The cost per mile is even better with a Ford Flex as a single vehicle (most rear legroom of any vehicle on the planet) but i still won't have solved the pickup truck issue. And the Mazda is paid off. So in five years my daughter will get it with 200k miles or so and I'll hope for a used Bolt EV at that time in addition to keeping the Avalanche.
Originally posted by @Account Closed I use a couple of different cars. Depending on the reason for the car. I have a car that is "average" for the neighborhoods I buy houses in. Meaning, I have better negotiating power with the seller if I don't "flash my cash" driving down the street. I learned that early on when one of the sellers that I had bought a house from but hadn't yet been through escrow, wanted more money because "I could afford it" and he mentioned my very nice car. So, I keep the very nice car for taking the Mrs. out to very nice restaurants and use the "average" car for meeting with sellers. Also, if you do buy a car, try to pay cash. It helps when you go to a lender and there isn't a $600 a month payment on your credit report and you are trying to borrow money for the next real estate transaction. Make your money first, buy the nice car later.
Totally agree with this. Perception is everything.
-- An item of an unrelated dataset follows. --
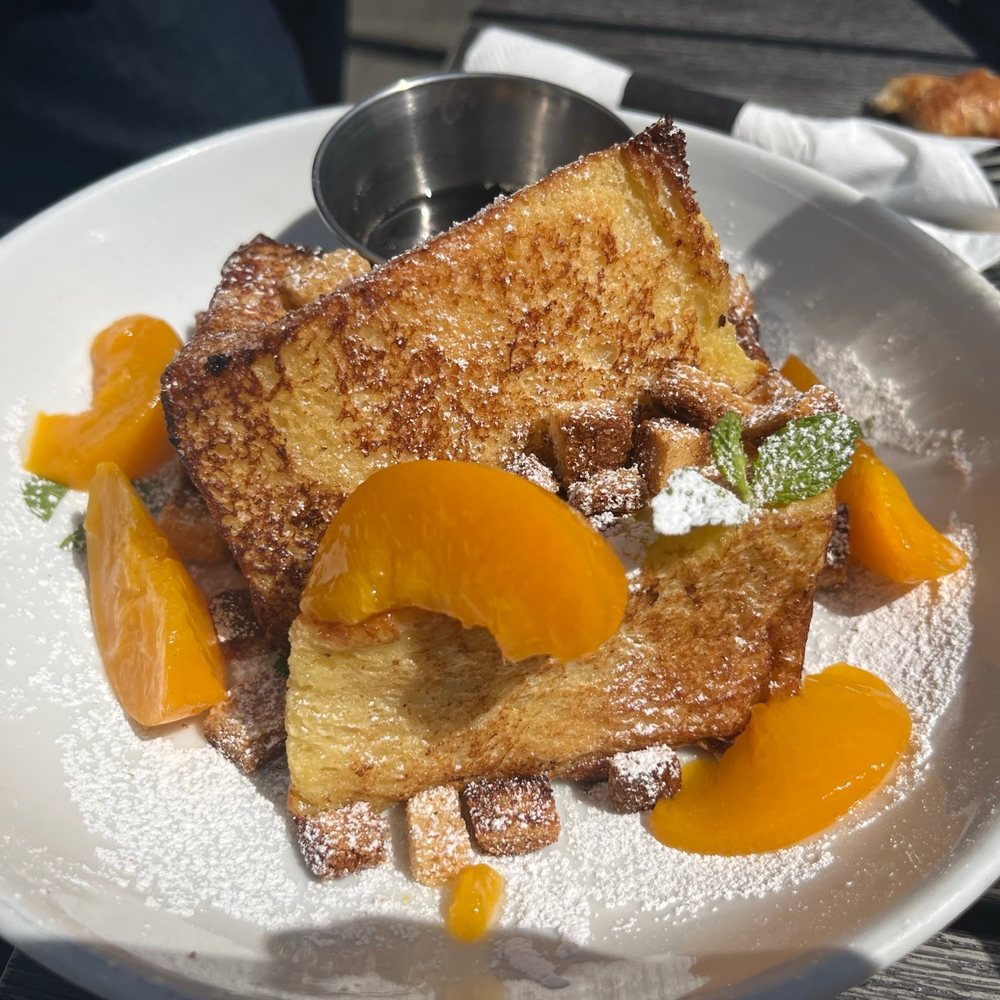 For Five Coffee Roasters - Peach French Toast Breakfast - Coffee Roasteries Near Me - Manhasset, New York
I drive a rusted out old Honda Ridgeline from my racing days, to all my deals, but my daily driver is a Benz SL550. If you roll up in a car that is worth more than most people's homes, it's hard to sell them on why you need it so cheaply... they don't understand economy of scale. I'm eyeing an old 1970's Ford F150 to replace the Ridgeline, classy, but old and cheap looking, best of both worlds!
2004 Nissan Titan crew cab 4WD for rental business purposes - 145k miles. 2013 Kia Soul for commuting to W2, 100k miles. Both owned.
The key to keeping old cars is to keep them up. As soon as you start ragging it out, you start convincing yourself you need/want/deserve a new car. I fix virtually everything on my cars, short of minor dents, dings, paint scuffs, etc, and keep them looking as reasonably good as possible, so I postpone those feelings :)
Forget about a car, you could purchase an imaginary yacht to visit your imaginary properties in Baltimore.
... sorry, inside joke ...
I would say an older can you can pay cash for... Definitely, Fuel Efficient as well so Toyota or Honda.
I had a corolla and now a CRV, hope it can last forever!
2010 dodge caravan with stow and go seating, purchased last year. I have owned them for 20 years and generally pay under 10K to buy a good used one that will last 7-8 years. Best all round vehicle for the self managing property investor.
04 Honda Civic...190,000+ miles on the odometer.
She drives a 09 VW Rabbit.
Bought the car when I was 20 years old with 17,000 miles. I just can't bring myself to replace it. It's always been a temptation at the back of my head to go buy an Audi or something. But investing is my priority, not impressing people I don't even know.